5.5 – Il sermone sul monte : le beatitudini IV (Matteo 5.3-10)

3«Beati i poveri in spirito, perché di essi è il regno dei cieli. 4Beati quelli che sono nel pianto, perché saranno consolati. 5Beati i miti, perché avranno in eredità la terra. 6Beati quelli che hanno fame e sete della giustizia, perché saranno saziati. 7Beati i misericordiosi, perché troveranno misericordia. 8Beati i puri di cuore, perché vedranno Dio. 9Beati gli operatori di pace, perché saranno chiamati figli di Dio. 10Beati i perseguitati per la giustizia, perché di essi è il regno dei cieli”.

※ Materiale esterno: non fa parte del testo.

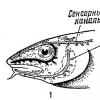 Органы боковой линии проходят у рыб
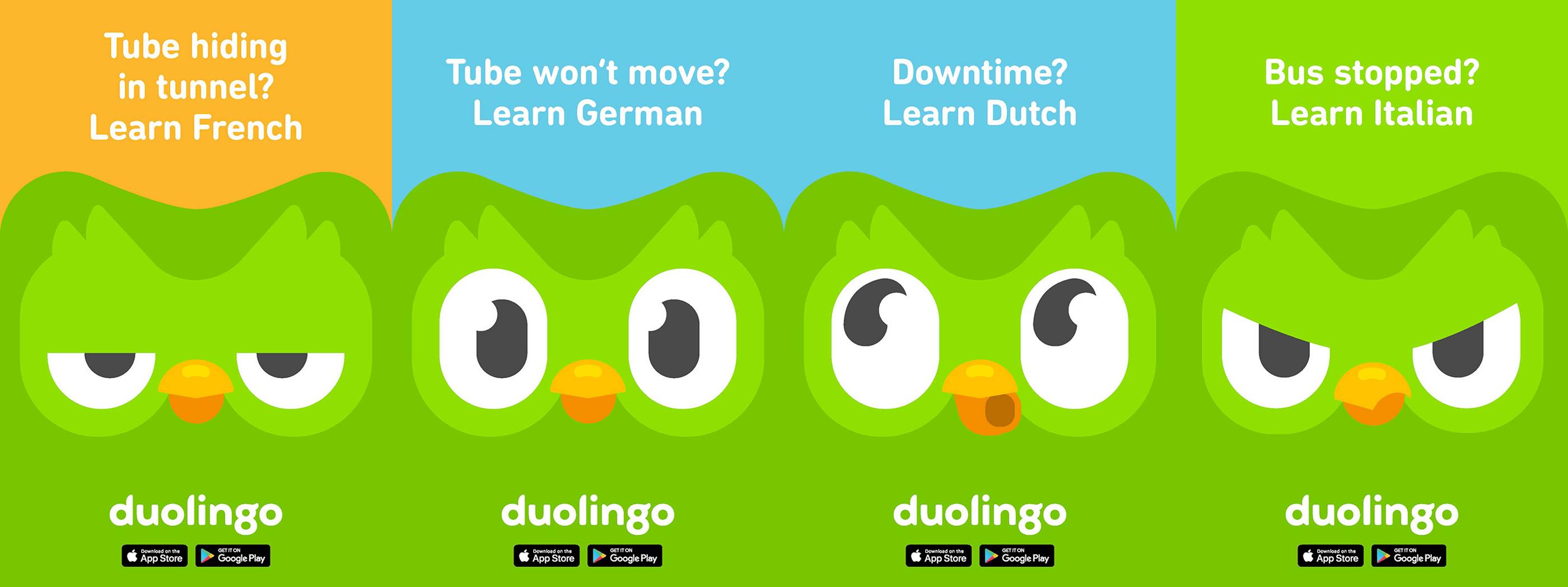 Duolingo 34. Duolingo Duo. Совенок Дуолинго. Duolingo персонажи. Duolingo картинки.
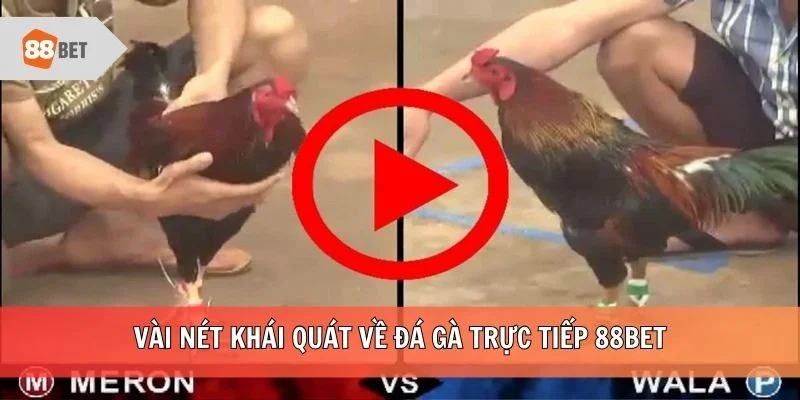 Vài nét khái quát về đá gà trực tiếp 88BET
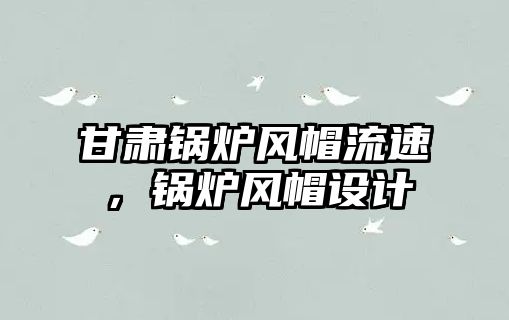 甘肅鍋爐風(fēng)帽流速，鍋爐風(fēng)帽設(shè)計(jì)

BEATI QUELLI CHE HANNO FAME E SETE DELLA GIUSTIZIA

Condizione che denota l’impossibilità di sfamarsi e dissetarsi nonostante se ne avvertano i sintomi. Chi ha fame e sete cerca di soddisfare questo bisogno primario cercandolo ovunque possa, ma se permane in questa condizione vuol dire che ciò che ha eventualmente assunto ha fallito il suo scopo, non ha risolto il suo problema e cerca di sfamarsi e dissetarsi a sazieà. Questa applicazione è però più adatta alla nostra visione che a quella dell’uditorio di Gesù, che poneva il riferimento, come già avvenuto nelle sue precedenti enunciazioni, a passi che erano, o potevano essere, noti, primo fra tutti il Salmo 89.14 che recita “Giustizia e diritto formano la base del tuo trono, benignità e verità vanno davanti al tuo volto” e la conseguente supplica di Davide, conscio di essere in difetto: “Vivificami nella tua giustizia” (Salmo 112.40), parola che nella Scrittura indica la giustificazione davanti a Dio e la santità della vita vista nel perfetta conformità al Suo volere.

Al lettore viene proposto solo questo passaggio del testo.